--- PROVIDED DATA ---

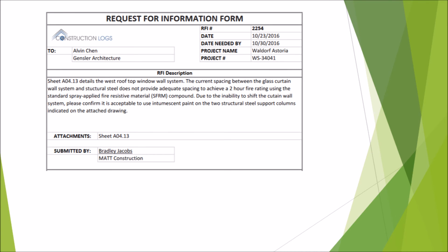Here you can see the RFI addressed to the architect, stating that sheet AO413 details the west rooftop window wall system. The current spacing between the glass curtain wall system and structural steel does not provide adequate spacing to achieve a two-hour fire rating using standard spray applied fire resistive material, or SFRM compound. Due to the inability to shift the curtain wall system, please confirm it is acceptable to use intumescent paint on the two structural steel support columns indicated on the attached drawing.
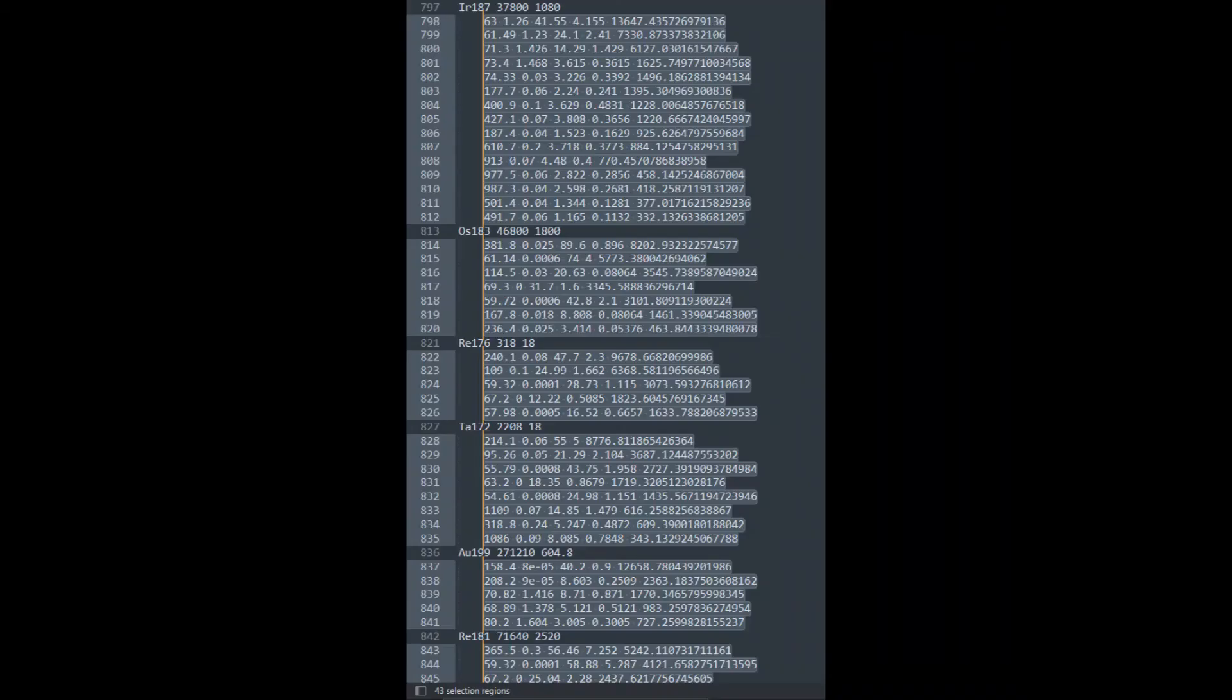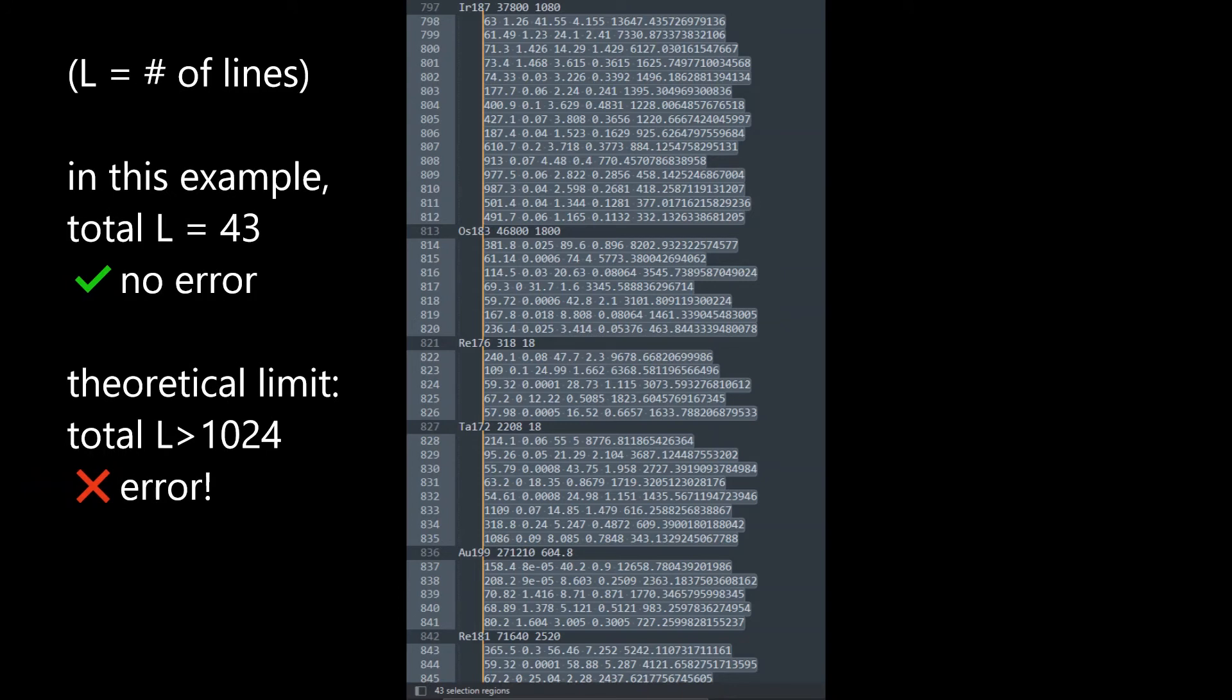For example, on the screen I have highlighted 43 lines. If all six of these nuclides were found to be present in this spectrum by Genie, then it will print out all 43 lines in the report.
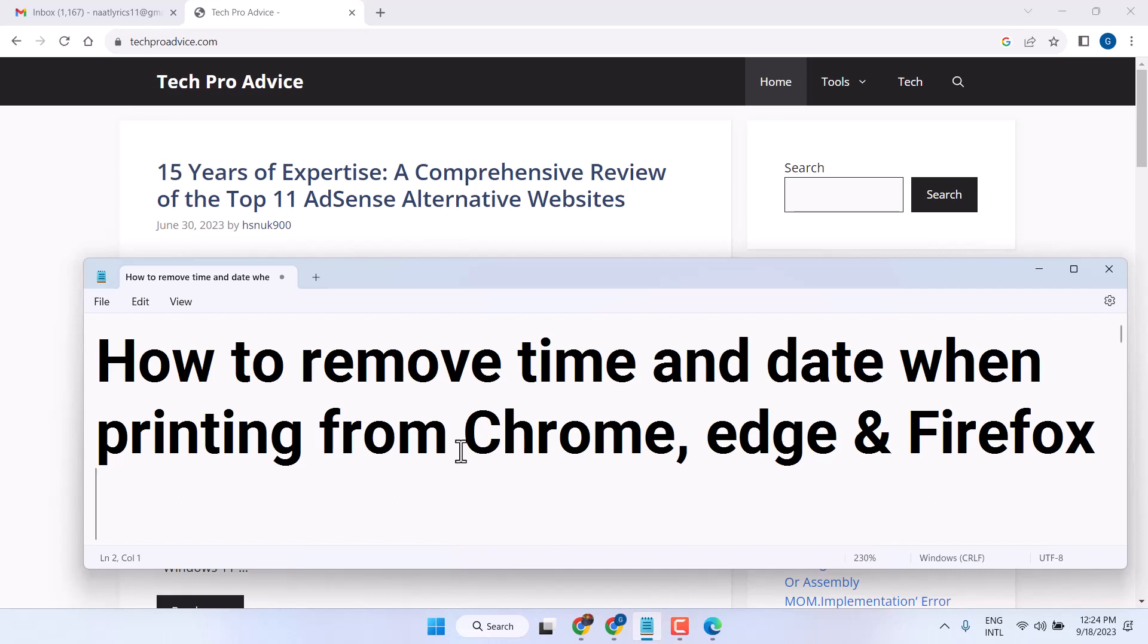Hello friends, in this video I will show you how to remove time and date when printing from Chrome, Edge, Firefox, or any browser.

---

• _TASK PROMPT_
Write the material out again exactly. Do not include the pictures.

• _RESPONSE TO THE EXERCISE_
Here you can see the RFI addressed to the architect, stating that sheet AO413 details the west rooftop window wall system. The current spacing between the glass curtain wall system and structural steel does not provide adequate spacing to achieve a two-hour fire rating using standard spray applied fire resistive material, or SFRM compound. Due to the inability to shift the curtain wall system, please confirm it is acceptable to use intumescent paint on the two structural steel support columns indicated on the attached drawing.
For example, on the screen I have highlighted 43 lines. If all six of these nuclides were found to be present in this spectrum by Genie, then it will print out all 43 lines in the report.
Hello friends, in this video I will show you how to remove time and date when printing from Chrome, Edge, Firefox, or any browser.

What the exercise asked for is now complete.